**Data excerpt**
━━━━━━━━━━━━━━━━━━━━

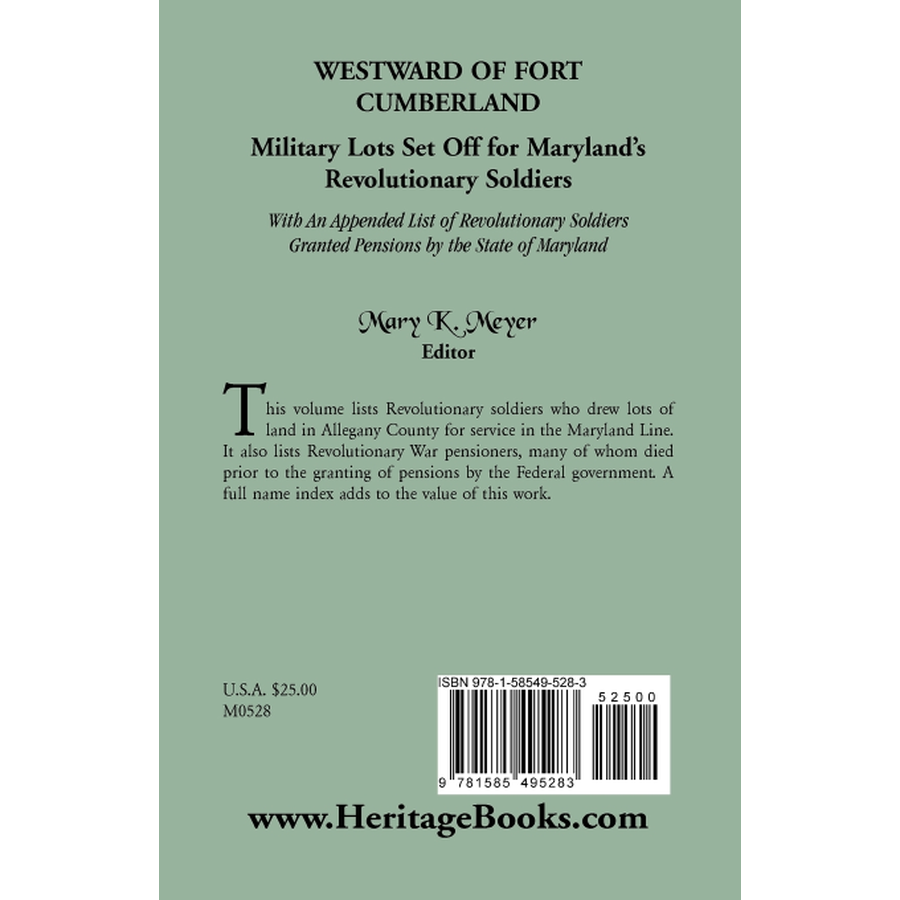 Westward of Fort Cumberland: Military Lots Set Off for Maryland's Revolutionary Soldiers back cover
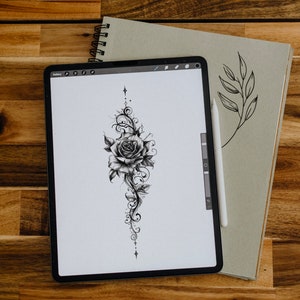 Tattoo Design For Women, Tattoo Rose, Personalized Tattoo Design, Digital Download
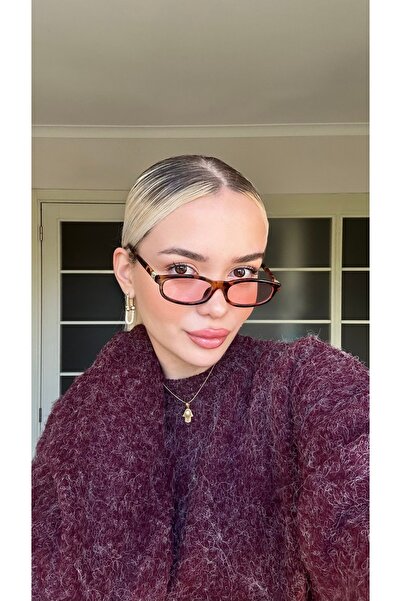 TomyHelf Retro Pembe Camlı Kadın Gözlük UV400 Korumalı Kahverengi Slim Dikdör...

━━━━━━━━━━━━━━━━━━━━

**Problem description**
Exactly as written, set down the lines from the line holding "Tattoo Design For" to the last line of the data, both ends included, pictures excluded.

**Written answer**
 Tattoo Design For Women, Tattoo Rose, Personalized Tattoo Design, Digital Download
 TomyHelf Retro Pembe Camlı Kadın Gözlük UV400 Korumalı Kahverengi Slim Dikdör...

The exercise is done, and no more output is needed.